Selon le journal britannique, cette énorme redistribution des revenus peut en grande partie s'expliquer par l'entrée des pays comme la Chine, l'Inde et l'ex-Union soviétique dans le marché mondial. Ainsi la classe ouvrière mondiale a grandi d'environ 1,5 à 3 milliards de personnes. Ils apportent peu de capital, et ainsi les rapports mondiaux du capital au travail diminuent fortement. En outre, la redistribution inversée des revenus qui en résulte ne va pas s'arrêter rapidement. La Chine a encore quelques centaines de millions d'ouvriers qui vont déménager les prochaines années vers les villes à la recherche de travail. La globalisation a, en d'autres termes, ouvert une gigantesque armée de réserve de travail, avec laquelle le capital mondial peut faire baisser les salaires et augmenter la plus-value.

Selon la théorie économique courante, les salaires suivent la productivité.
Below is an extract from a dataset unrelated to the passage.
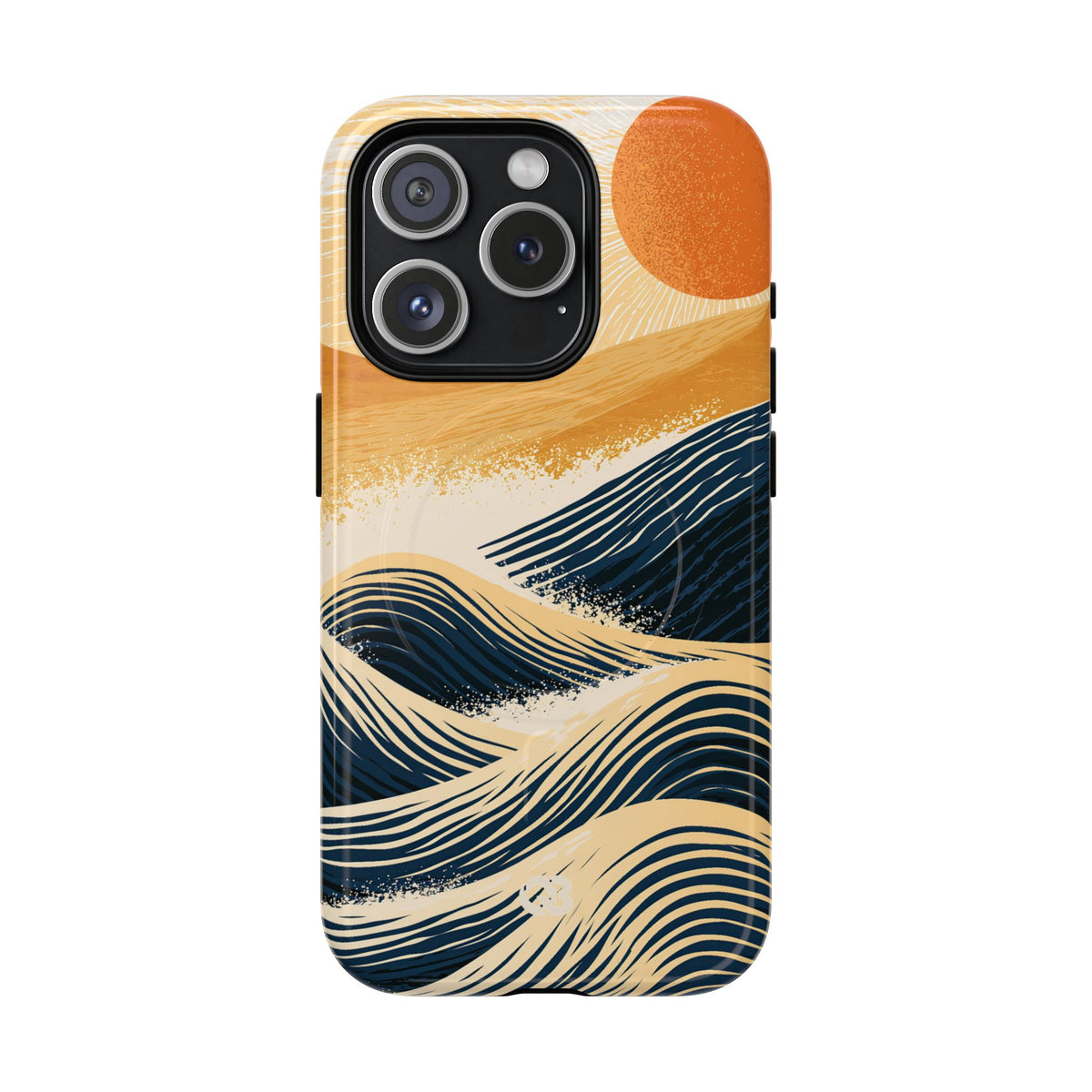 Golden Horizon Waves · Tough 2.0 Magnetic Phone Case for iPhone · Blue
En réalité depuis 2001 le salaire moyen d'un ouvrier américain a baissé de 4%, tandis que la productivité a augmenté de 15%. La part que les travailleurs perdent, va vers les profits et les grands bénéficiaires. Ce tableau vaut aussi pour l'Europe.

"Maintenant la majorité des ouvriers sont en train de perdre, et on pointe du doigt la globalisation". Là se cache aussi le plus grand danger selon le journal : "si aucune solution n'est trouvée pour les salaires réels qui restent à la traîne et pour les inégalités croissantes, il y a un grand risque de retour au protectionnisme". Ils plaident entre autres pour un filet "temporaire" (sic) de compensation pour les chômeurs, pour une redistribution via les impôts, etc.

Cela ne suffira jamais à stopper la dynamique d'une classe ouvrière qui compte dès à présent plus de 3 milliards de personnes, et subit un taux d'exploitation croissant. Faisons en sorte que l'inquiétude de "The Economist" soit légitime.